Podemos is divided. Crumbling under strategic disputes, discussions on the composition of the governing bodies, and caught between those who give up and those who bark, Podemos is stuck looking at its navel.
Bonds of friendship were destroyed. The activists who first changed the political system were eaten by it later. Yet, some form of party and a leadership team will have to come out of the Citizen Assembly elections this weekend.
The feminists within Podemos do not want to miss this opportunity. They’re calling it a historic opportunity and are working side by side not to allow feminism to be, once again, the good and fair cause that is always postponed. In this transition process, they’re demanding the recognition of feminism’s political power, avoiding its manipulation and ensuring its autonomy. This can only be achieved by questioning the male networks that are always trying to keep women out of politics.
The “Ruta Morada” document compiles the women’s contribution to the party structure and its policies. Morada means purple, the typical color of the violet multitudes of Spanish women and characteristic of Podemos. Ruta is the road, which started with the elections that led the feminists to the government of the largest Spanish cities. It led to the demonstrations against male violence against women, it has led feminists within the party to denounce their idea of economy, administration, and management of public affairs and to remove patriarchy from Podemos and its surrounding movements, pushing for a change in practices and forms from the bottom up.
They well know that political parties mirror the power dynamics of everyday life. The document, by incorporating the many demands formulated in diverse forums and meetings, becomes a point of reference for a plural feminism. But it is not a candidacy for leadership. It goes beyond that.
It ranks as a political entity in the Citizen Assembly — in fact, it steals the spotlight. It emerges as an alternative and becomes a common thread. If anybody wants to incorporate the proposals of Ruta Morada into another document, he or she can do it. Then, the other document gets contaminated for declining its proposals from a feminist approach, altering not only the balance of power, but the content of the dispute and the narrative tension.

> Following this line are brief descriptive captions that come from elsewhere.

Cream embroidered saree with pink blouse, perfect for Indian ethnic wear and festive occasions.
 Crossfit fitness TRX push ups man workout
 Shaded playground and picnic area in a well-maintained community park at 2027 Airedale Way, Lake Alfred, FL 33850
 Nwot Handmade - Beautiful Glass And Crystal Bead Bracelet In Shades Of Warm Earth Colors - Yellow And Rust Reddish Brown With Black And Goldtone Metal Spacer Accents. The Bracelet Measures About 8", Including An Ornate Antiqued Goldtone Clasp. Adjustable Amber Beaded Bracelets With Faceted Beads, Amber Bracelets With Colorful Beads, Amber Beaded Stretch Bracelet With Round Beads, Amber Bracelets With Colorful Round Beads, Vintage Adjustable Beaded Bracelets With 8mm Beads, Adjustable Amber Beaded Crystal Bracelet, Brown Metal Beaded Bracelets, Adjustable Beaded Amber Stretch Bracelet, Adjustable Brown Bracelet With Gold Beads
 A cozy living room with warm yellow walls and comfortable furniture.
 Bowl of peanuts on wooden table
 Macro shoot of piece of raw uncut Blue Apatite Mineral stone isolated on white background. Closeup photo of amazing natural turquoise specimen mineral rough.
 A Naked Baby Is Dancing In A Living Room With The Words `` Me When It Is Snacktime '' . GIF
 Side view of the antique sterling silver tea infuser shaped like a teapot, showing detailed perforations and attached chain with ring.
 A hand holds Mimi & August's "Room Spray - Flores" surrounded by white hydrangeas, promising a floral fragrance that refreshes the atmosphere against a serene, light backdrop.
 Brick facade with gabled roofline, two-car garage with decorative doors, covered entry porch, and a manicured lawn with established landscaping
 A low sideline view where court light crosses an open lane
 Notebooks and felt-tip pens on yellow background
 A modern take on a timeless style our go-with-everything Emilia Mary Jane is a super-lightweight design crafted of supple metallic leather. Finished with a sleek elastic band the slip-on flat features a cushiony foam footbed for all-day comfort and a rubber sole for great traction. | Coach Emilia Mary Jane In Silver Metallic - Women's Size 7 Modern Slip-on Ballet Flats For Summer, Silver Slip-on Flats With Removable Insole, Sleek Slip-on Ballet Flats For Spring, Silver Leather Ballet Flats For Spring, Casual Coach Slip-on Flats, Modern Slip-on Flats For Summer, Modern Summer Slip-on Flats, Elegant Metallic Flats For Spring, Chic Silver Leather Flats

The analysis starts from the change Spain is experiencing, the result of several simultaneous, interconnected and interdependent crises: an economic crisis, a crisis of representation, an ecological crisis and a crisis of rights. These crises have had a greater impact on women and have worsened the already existing inequalities.
According to the vision outlined by the Podemos feminists, there are many challenges. They propose decentralization, territoriality and pluri-national nominating bodies as political territories. And the nexus of all of them is the right to self-determination, because there cannot be gender justice without equality and without radical democracy. It calls for greater presence of suburban territories and suburban themes within the organization and political discourse, to build a new collective center, to confront a locus of thought that, too often, is all male.
It points out the common practices and forms of participation. It starts again from the popular slogan “the personal is political” to point directly to the idea that whatever is done in private life must be replicated in public life. Cooperation, participation, diversity and sustainability of life must have a real impact in the party to make it happen in the society they want to build.
The Podemos feminists never speak of one feminism, nor of a universal sisterhood, but multiple feminisms. Intersectionality as an essential political principle for a real exchange. Because social identities overlap and intersect. Women do not exist as an abstract category, but as individuals with different features that need to be taken into account.
Migrants, old, young, disabled, temp workers, poor, rich, unemployed, gypsy and more. All forms of gender and sexual orientation. Intersectional methodology is now essential to understand the diversity and needs. It is an instrument of feminist analysis, practice and dialogue, and it’s used to meet the needs of the community as a whole and the need to rehabilitate the heart of politics and institutions.
Feminists have written an intriguing instructional booklet. It’s best not to give it a cursory reading, looking for something to copy and paste, thinking you already know how to make it all work.